START DATA SHOWN
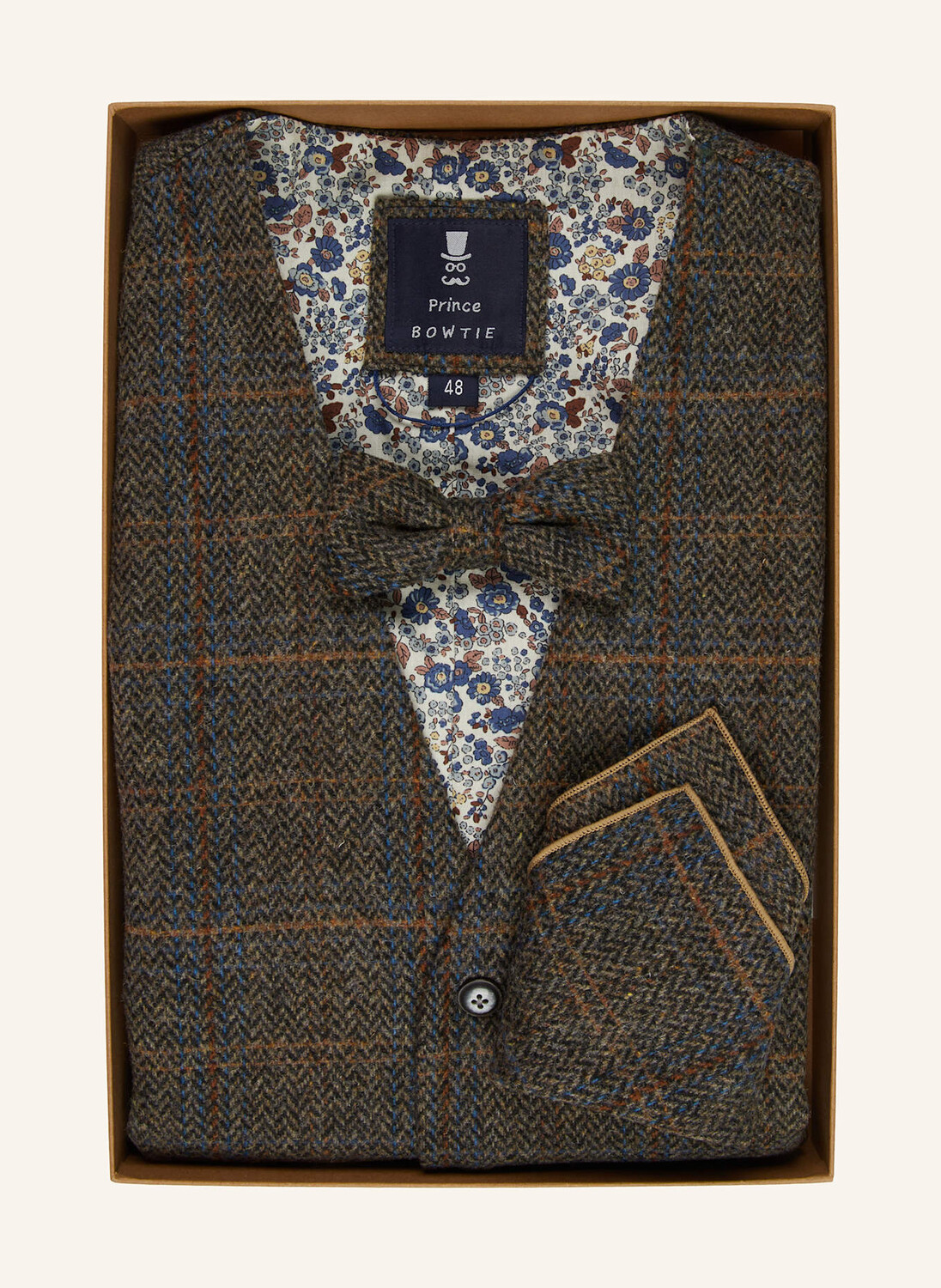 Комплект: костюмная жилетка, галстук-бабочка и нагрудный платок. Prince Bowtie, коричневый
Комплект: костюмная жилетка, галстук-бабочка и нагрудный платок. Prince Bowtie, коричневый
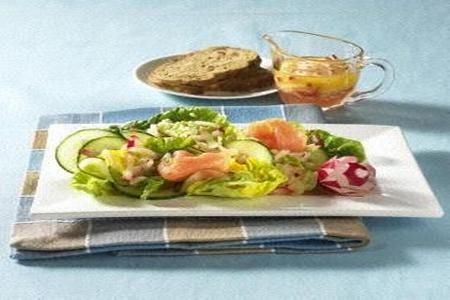 Salata de somon cu legume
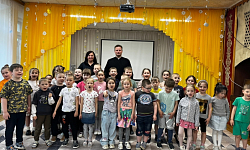 Священнослужитель провел беседу в детском саду № 13 города Россошь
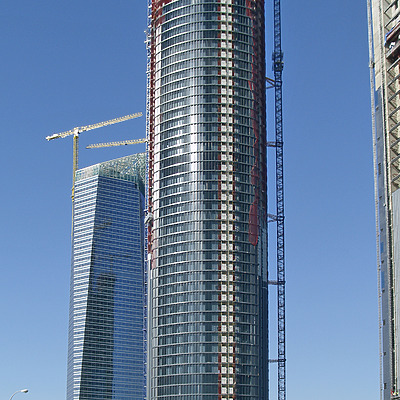 Torre Sacyr Vallehermoso by Cesar Serrano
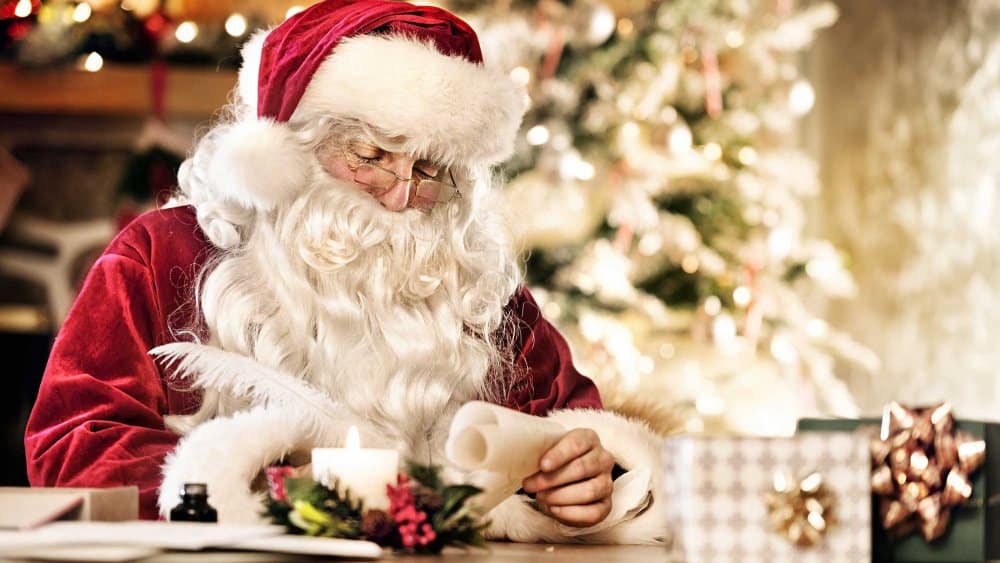 Blague du jour Une femme célibataire tente de séduire le Père Noël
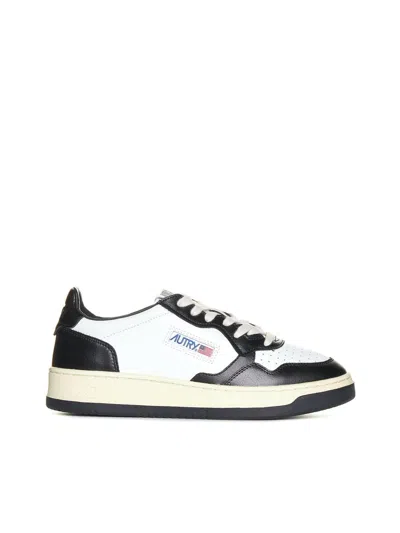 Autry Medalist Low White And Black Low Top Trainers With Logo Patch In Leather Woman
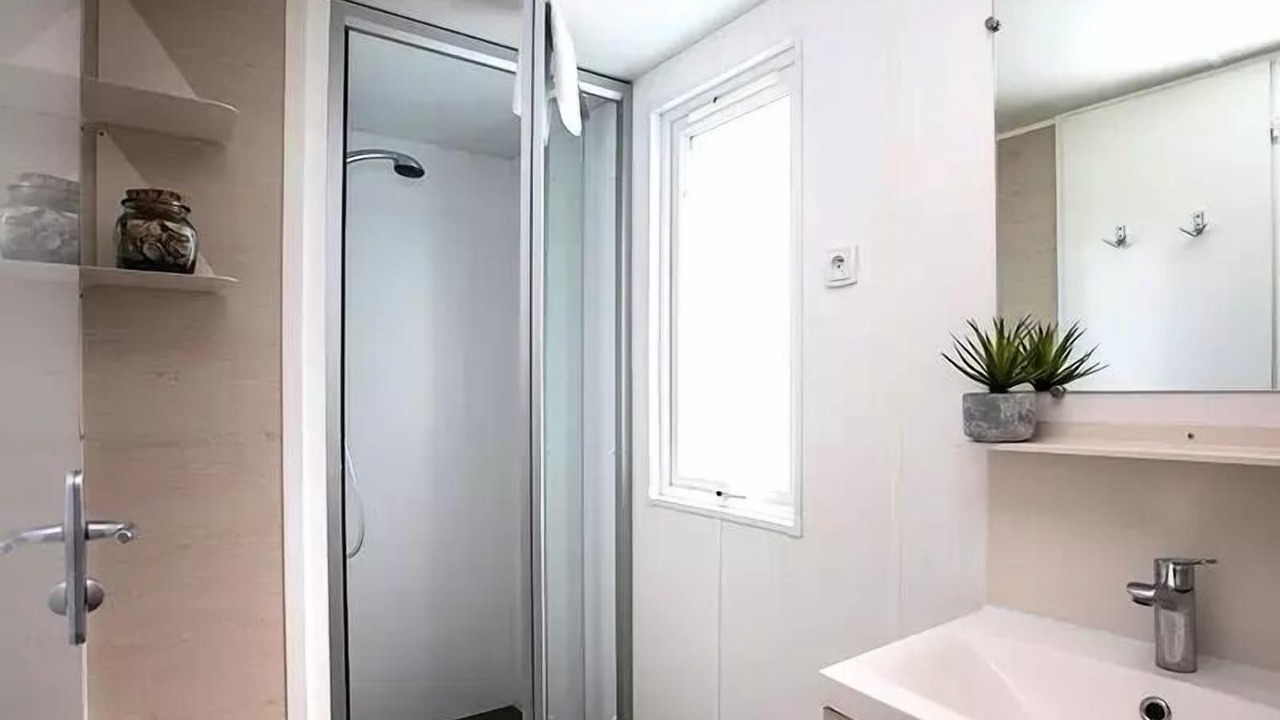 Photo of Bathroom in Rouffignac-Saint-Cernin-de-Reilhac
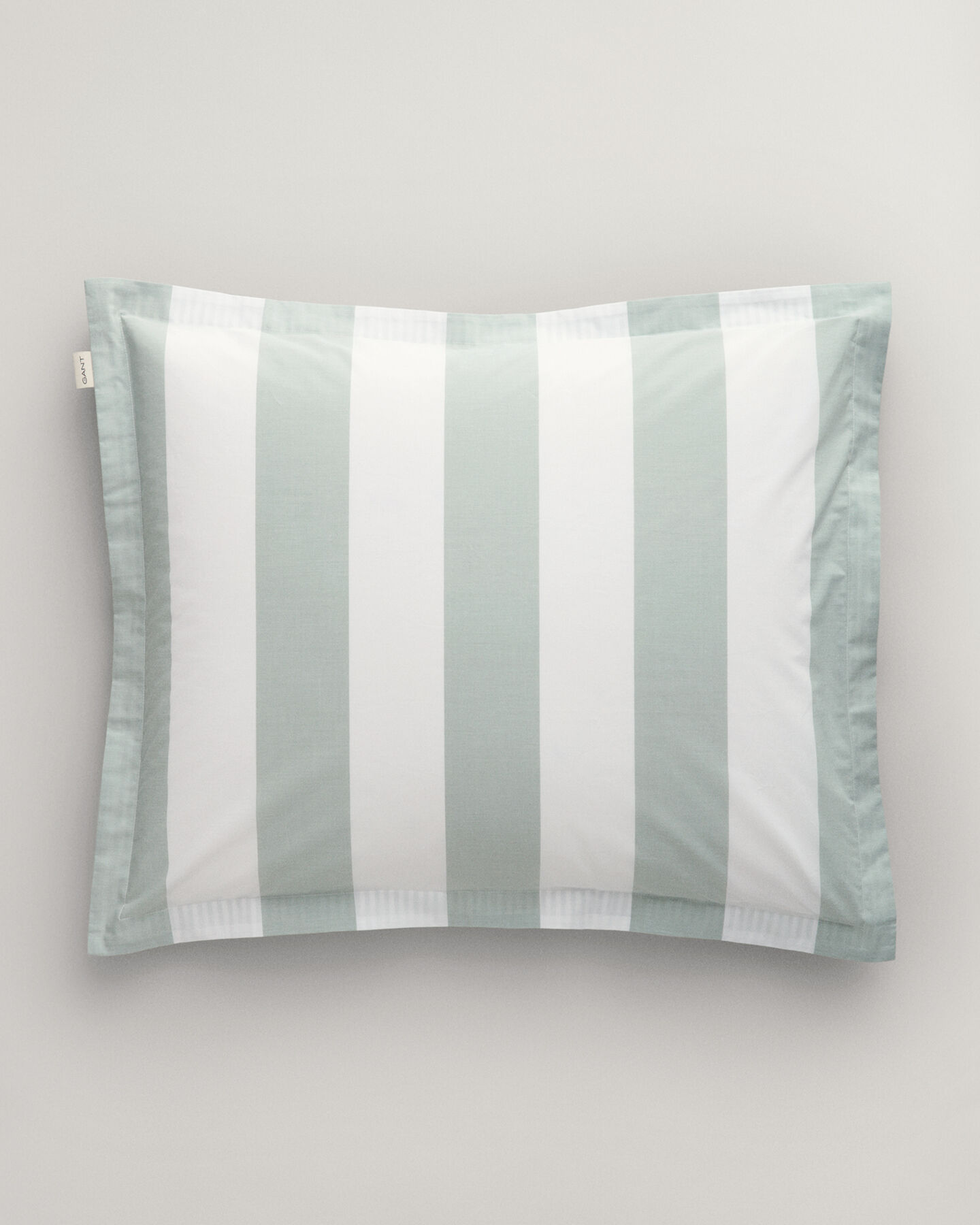 Fronha &agrave;s riscas Percale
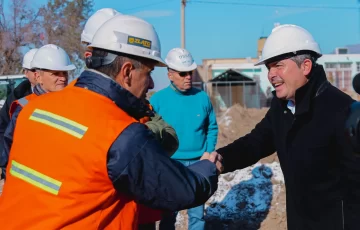 El gobernador Marcelo Orrego recorrió la obra de ensanche de Calle 5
END DATA SHOWN
What belongs in the answer is each line above, reproduced exactly, and no picture.

▶ _RESPONSE AREA_
 Комплект: костюмная жилетка, галстук-бабочка и нагрудный платок. Prince Bowtie, коричневый
Комплект: костюмная жилетка, галстук-бабочка и нагрудный платок. Prince Bowtie, коричневый
 Salata de somon cu legume
 Священнослужитель провел беседу в детском саду № 13 города Россошь
 Torre Sacyr Vallehermoso by Cesar Serrano
 Blague du jour Une femme célibataire tente de séduire le Père Noël
 Autry Medalist Low White And Black Low Top Trainers With Logo Patch In Leather Woman
 Photo of Bathroom in Rouffignac-Saint-Cernin-de-Reilhac
 Fronha &agrave;s riscas Percale
 El gobernador Marcelo Orrego recorrió la obra de ensanche de Calle 5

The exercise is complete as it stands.